What you should do: This task calls for the lines below starting at the one containing "Once your ads" and ending at the one containing "From the bottom", repeated exactly with both ends kept and pictures left out.

The records:
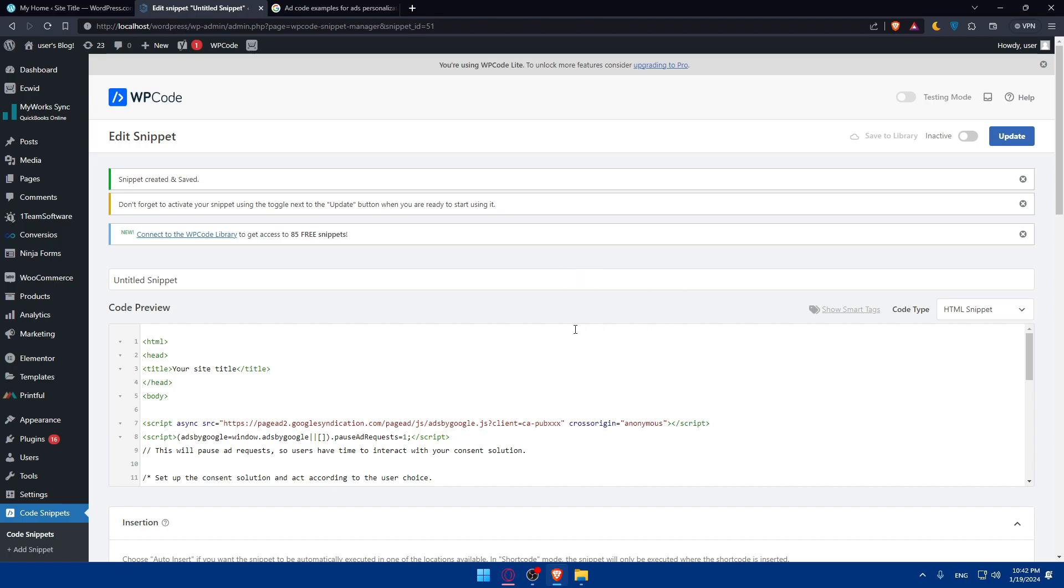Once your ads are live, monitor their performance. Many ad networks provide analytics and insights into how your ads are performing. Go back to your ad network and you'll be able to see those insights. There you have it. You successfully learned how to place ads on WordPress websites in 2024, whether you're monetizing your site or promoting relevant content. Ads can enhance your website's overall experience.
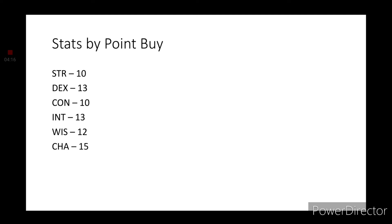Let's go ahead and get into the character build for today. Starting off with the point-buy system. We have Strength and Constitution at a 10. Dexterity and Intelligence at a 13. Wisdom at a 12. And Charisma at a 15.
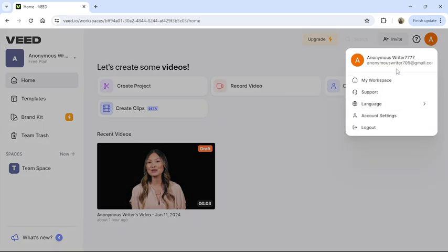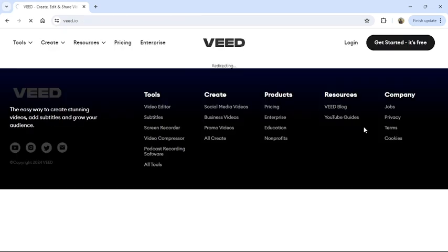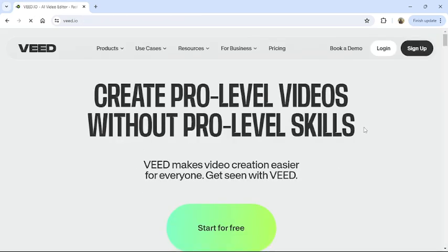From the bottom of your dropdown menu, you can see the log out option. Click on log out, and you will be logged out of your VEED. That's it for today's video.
---
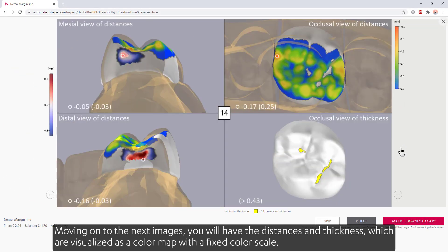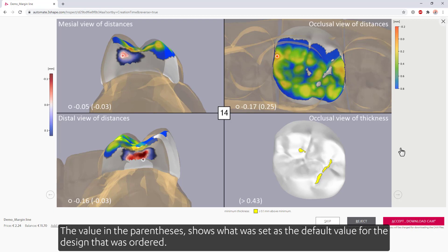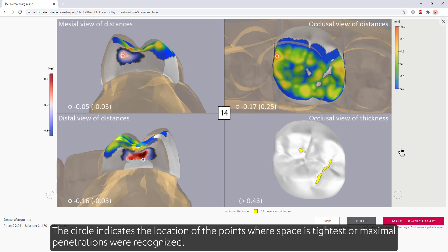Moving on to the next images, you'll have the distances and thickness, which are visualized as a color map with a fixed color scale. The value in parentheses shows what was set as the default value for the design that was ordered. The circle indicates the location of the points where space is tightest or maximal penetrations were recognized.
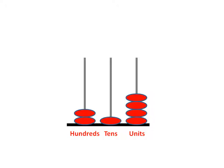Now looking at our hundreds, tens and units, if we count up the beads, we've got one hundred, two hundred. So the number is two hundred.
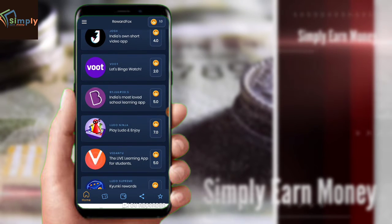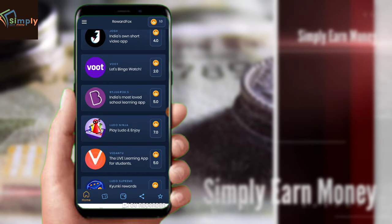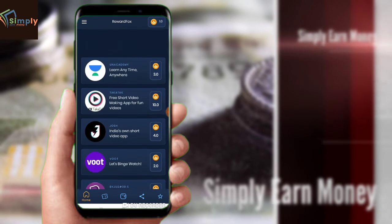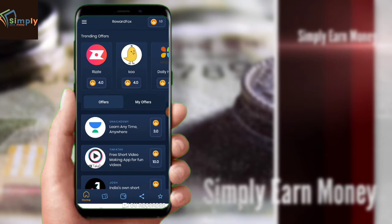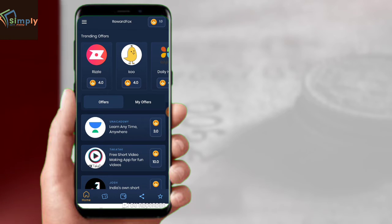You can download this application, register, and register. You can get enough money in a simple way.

Solution below:
Once your ads are live, monitor their performance. Many ad networks provide analytics and insights into how your ads are performing. Go back to your ad network and you'll be able to see those insights. There you have it. You successfully learned how to place ads on WordPress websites in 2024, whether you're monetizing your site or promoting relevant content. Ads can enhance your website's overall experience.
Let's go ahead and get into the character build for today. Starting off with the point-buy system. We have Strength and Constitution at a 10. Dexterity and Intelligence at a 13. Wisdom at a 12. And Charisma at a 15.
From the bottom of your dropdown menu, you can see the log out option. Click on log out, and you will be logged out of your VEED. That's it for today's video.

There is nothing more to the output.